Creative care for mental health patients

This post is the fourth in a series of posts reporting on the World Psychiatric Association (WPA) International Congress 2016, which I attended in Cape Town in November.

When Promise co-founder Dr Manaan Kar Ray was punched in the face in 2006 by a patient with whom he believed he had a good rapport, he found himself ashamed, mentally exhausted, and anxious about doing his job.

A second incident, in which a patient smashed a glass ashtray against a wall and chased him down the corridor, exacerbated his stress.
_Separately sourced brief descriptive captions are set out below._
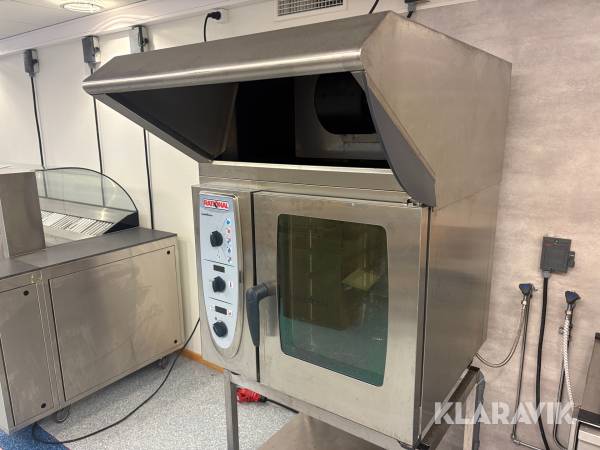 Kombiugn Rational CM 61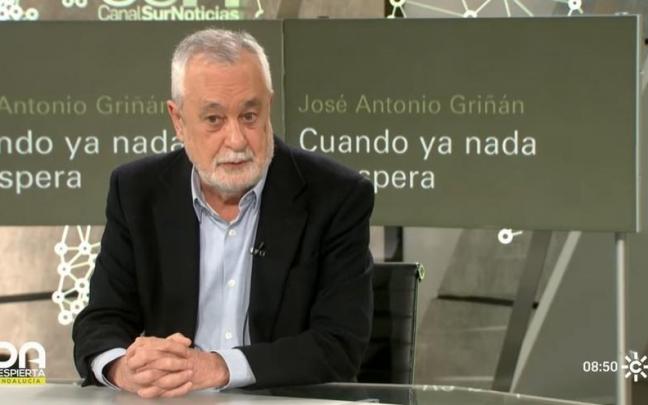 Jose Antonio Griñán.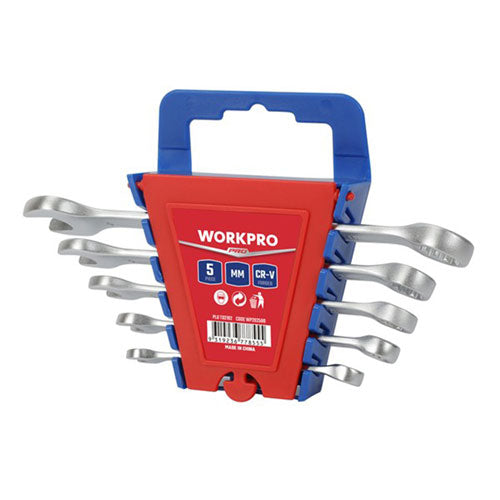 Combination Spanner Set 5pcs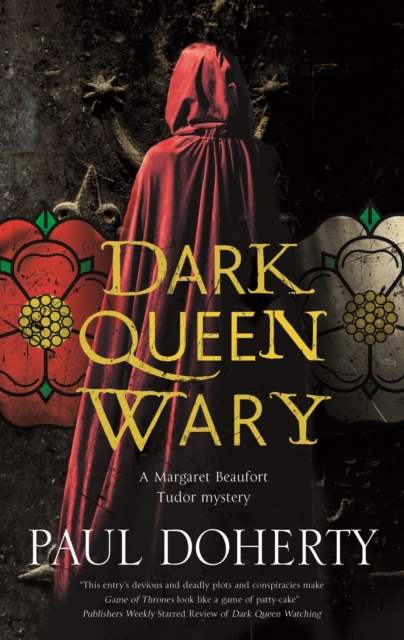 Book Cover for Dark Queen Wary by Doherty, Paul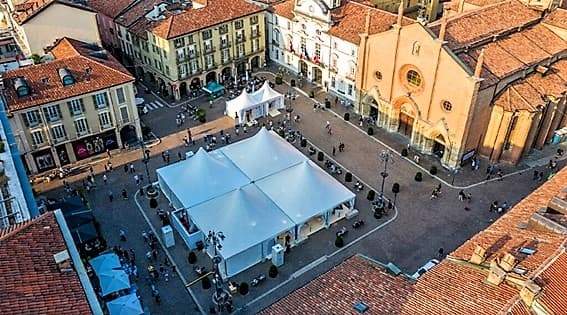 Via al Festival delle Sagre di Asti, da Trenitalia 17 treni in più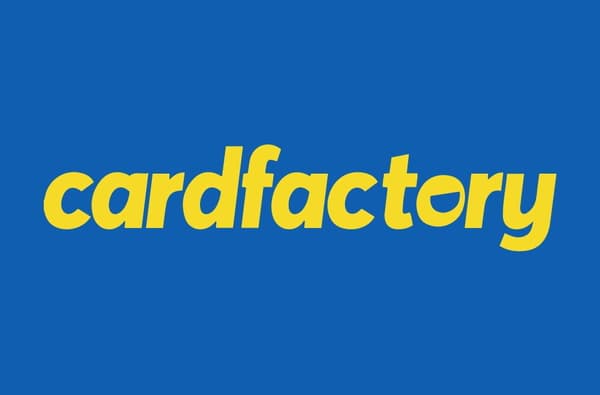 CARD FACTORY Square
Today, years later, he has acknowledged the assault and the subsequent reflection provided him with a different frame of reference as to how mentally ill patients viewed the use of restraints in their treatment and whether, in their eyes, this constituted unprovoked violence.

Dr Kar Ray spoke at the WPA Congress. Together with Expert by Experience Sarah Rae, he created Promise, a proactive care initiative aimed at seeking out and embracing new ideas and, in the interests of patient-centred care, working to develop compassionate and creative alternatives for the care of patients with mental illness.

This was inspired by 2013 research that found huge variation in the use of restraint across England, with one centre reporting 38 incidents and another more than 3,000. There were also concerns about the face-down, or “prone” restraint method, plus related injuries, which numbered more than 1,000 in a single year.

Kar Ray, also a consultant psychiatrist at Fulbourn Hospital in Cambridge in the UK, pointed out that the use of mechanical constraints was commonplace in Europe and the developing world, and that he was sure “we can do better than this”.

“Our vision for Promise is to promote dignity by eliminating coercion in mental health. We need to have the courage to challenge the status quo, and not accept that because things have been this way for a long time, we should carry on this way,” he told delegates attending the congress.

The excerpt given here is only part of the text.